Kedua, terhambatnya pertumbuhan ekonomi. GenZi yang tidak memiliki perkerjaan tidak akan berkontribusi dalam peningkatan konsumsi, penurunan konsumsi ini akan berdampak pada penurunan produksi. akibatnya, jumlah perusahaan yang melakukan ekspansi atau membuka usaha baru semakin berkurang sehingga melemahnya laju pertumbuhan ekonomi dari investasi.
Ketiga, berkurangnya jumlah tabungan masyarakat. Pemerintah mengatakan bahwa tabungan masyarakat (national savings) sangat penting sebagai sumber pendanaan pembangunan.
Keempat, menjadi beban masyarakat dan menyebabkan masalah sosial. GenZi yang menganggur memperberat tanggung jawab negara karena negara harus memberi bantuan sosial atau layanan kesehatan kepada mereka. Selain itu, masalah sosial juga bisa timbul seperti tunawisma atau pengemis. Dalam sistem kapitalisme, masyarakat selalu dinilai berdasarkan perhitungan untung dan rugi. Oleh karena itu, angka pengangguran yang tinggi  di kalangan GenZi dianggap sebagai beban bagi negara.
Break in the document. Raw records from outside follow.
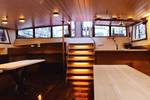 Saloon of De Hester with dining tables and benches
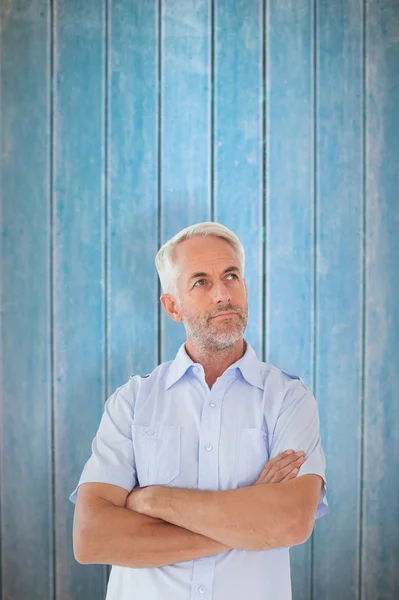 Thinking man posing with arms crossed — Stock Photo, Image
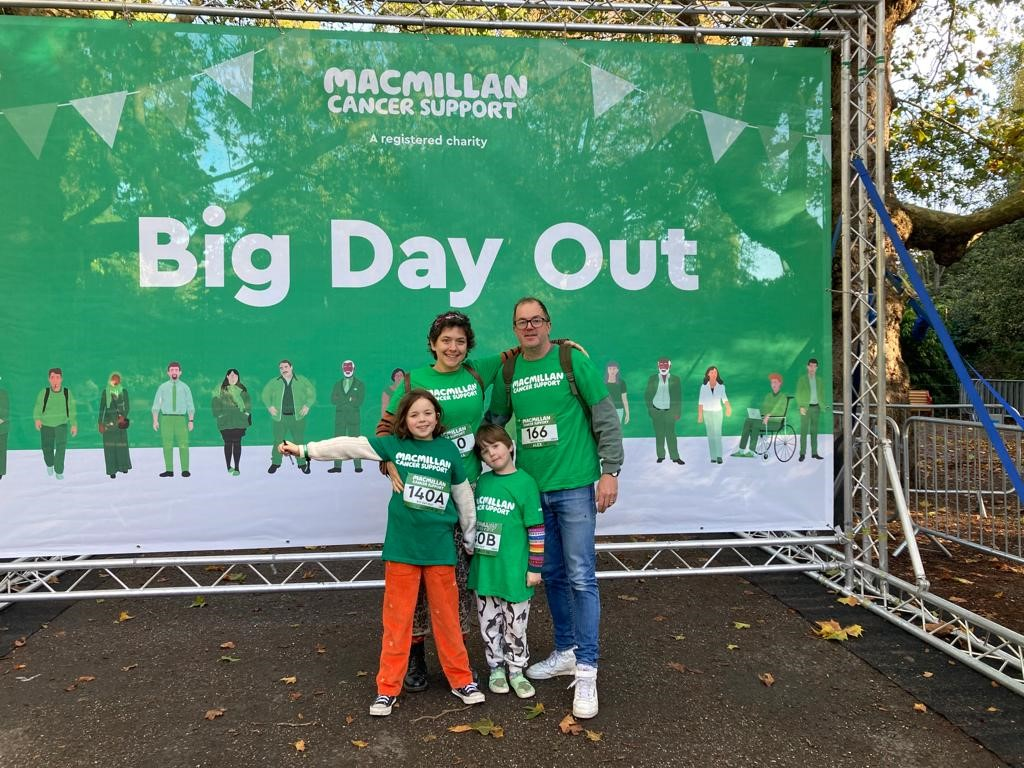 Two adults and two children wearing Macmillan t-shirts in front of a Big Day Out banner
Kelima, kondisi ini tampaknya mengancam keberhasilan Indonesia dalam meraih Indonesia Emas 2045.
Kelima dampak yang telah disebutkan di atas memperlihatkan kekhawatiran pemerintah mengenai tingginya jumlah pengangguran di kalangan GenZi yang berpotensi menyebabkan kemunduran ekonomi negara, bukan semata-mata peduli terhadap masa depan generasi yang akan terancam.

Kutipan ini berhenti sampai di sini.